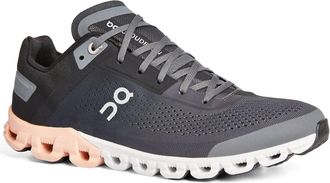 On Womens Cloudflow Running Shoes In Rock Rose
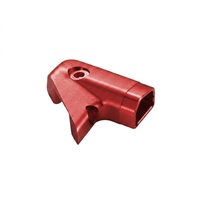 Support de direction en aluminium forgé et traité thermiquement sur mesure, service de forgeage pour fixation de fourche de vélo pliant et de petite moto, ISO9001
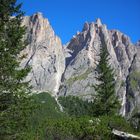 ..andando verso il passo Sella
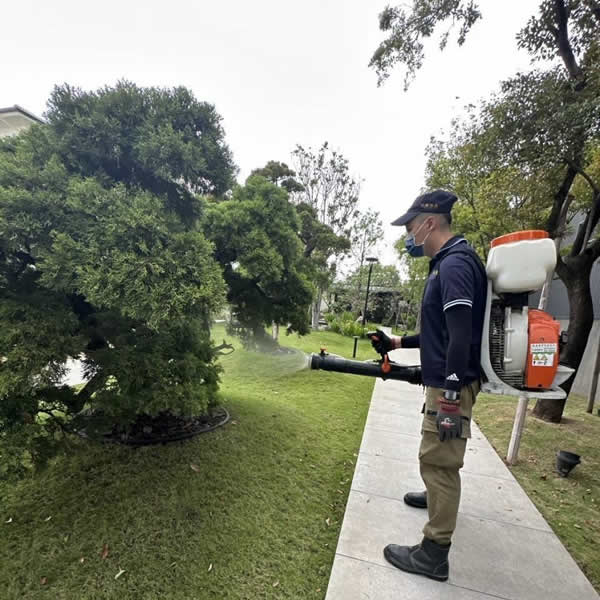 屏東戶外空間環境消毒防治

WHAT IS REQUIRED: Retyped exactly, the lines from the one holding "Support de direction" through the last line of the data above are the whole answer. Pictures stay out.

EXERCISE SOLUTION:
 Support de direction en aluminium forgé et traité thermiquement sur mesure, service de forgeage pour fixation de fourche de vélo pliant et de petite moto, ISO9001
 ..andando verso il passo Sella
 屏東戶外空間環境消毒防治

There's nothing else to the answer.